**YOUR GOAL**
Beginning at the line with "Red Solid One Shoulder Slit Dress" in the records below, return each line up to and including the last, exactly as it stands, but not the pictures.

**Image-text web data**
══════

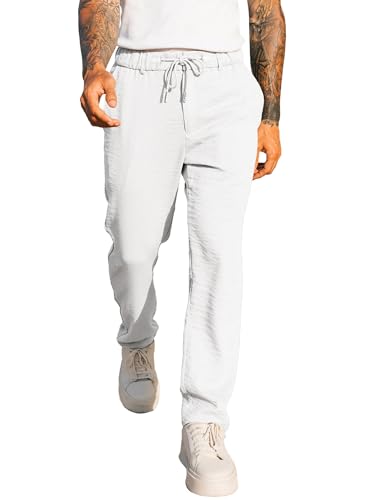 Men's Casual Drawstring Pants Elastic Waist Lightweight Pant Summer Beach Trouser with Pockets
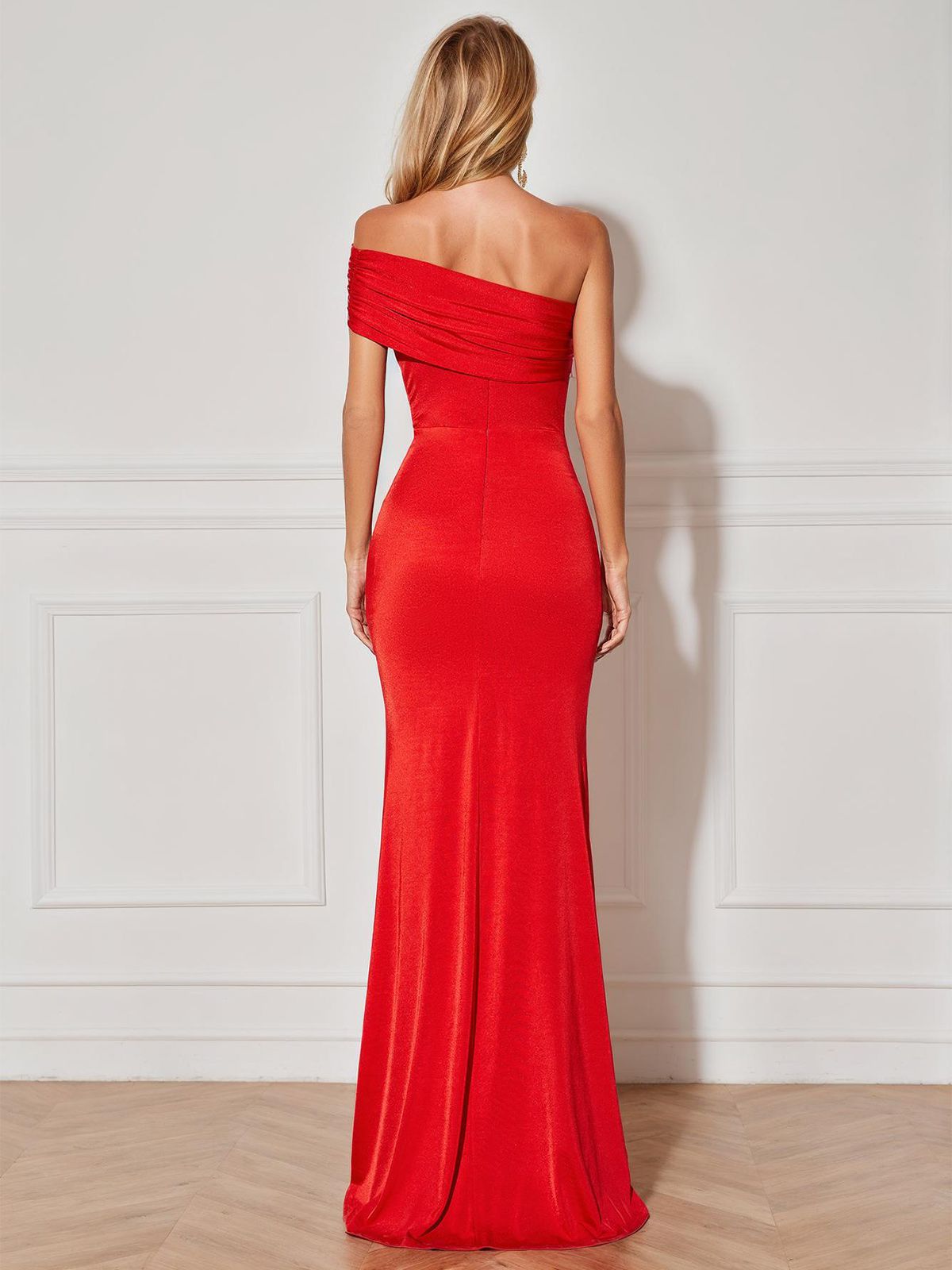 Red Solid One Shoulder Slit Dress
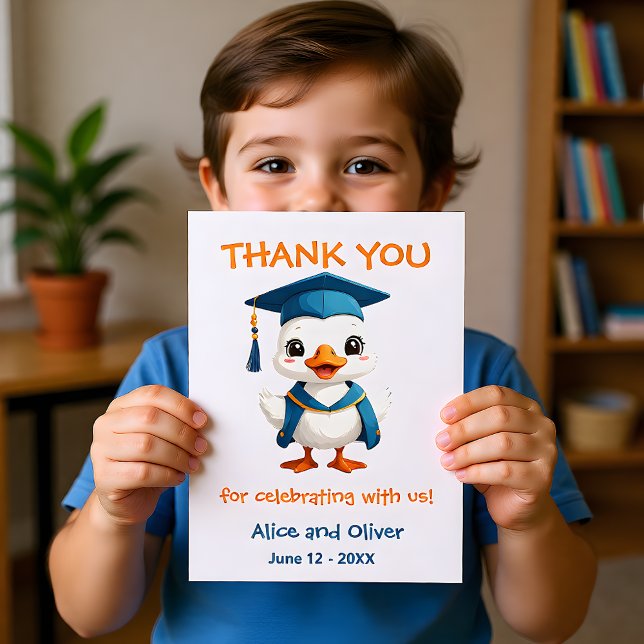 Blue Cap Goose Graduation Party Thank You Card (Creator Uploaded)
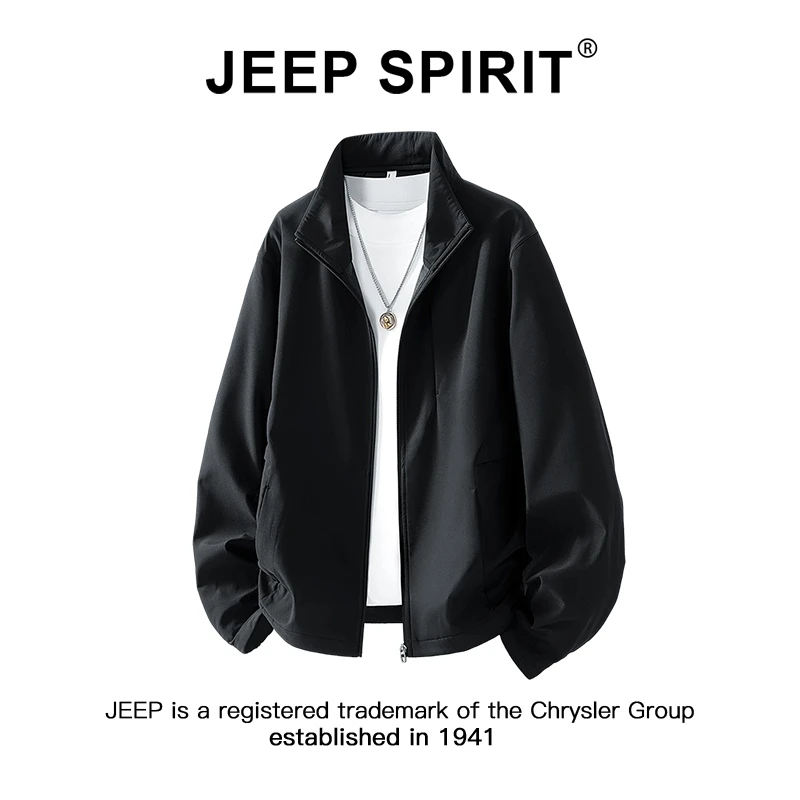 JEEPSPIRIT吉普美式立领飞行夹克男士春秋潮牌宽松三防冲锋衣外套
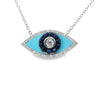 14kt Gold Diamond Turquoise Sapphire Evil Eye Pendant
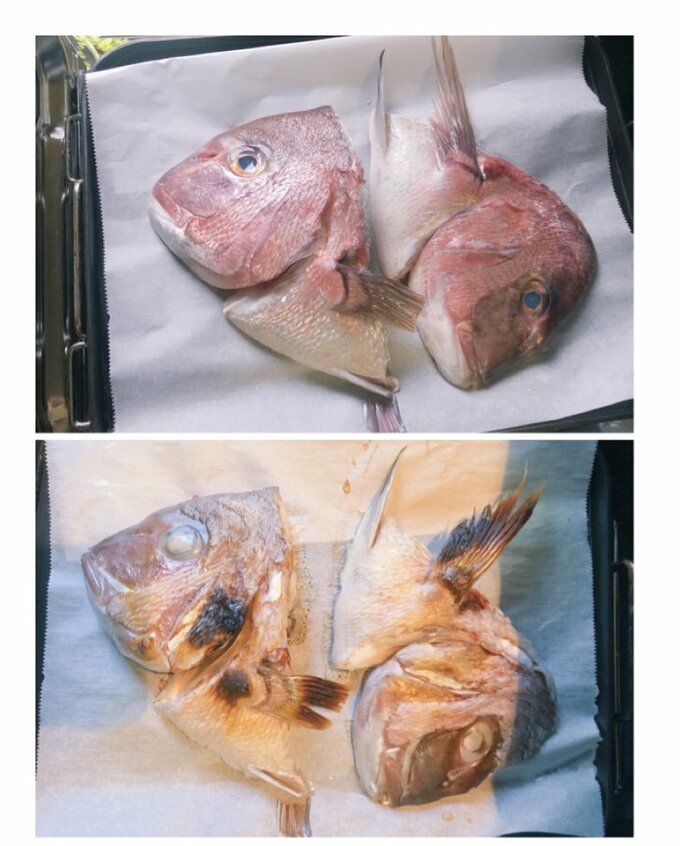 鯛の頭を焼く前と焼いた後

══════

**RESPONSE**
 Red Solid One Shoulder Slit Dress
 Blue Cap Goose Graduation Party Thank You Card (Creator Uploaded)
 JEEPSPIRIT吉普美式立领飞行夹克男士春秋潮牌宽松三防冲锋衣外套
 14kt Gold Diamond Turquoise Sapphire Evil Eye Pendant
 鯛の頭を焼く前と焼いた後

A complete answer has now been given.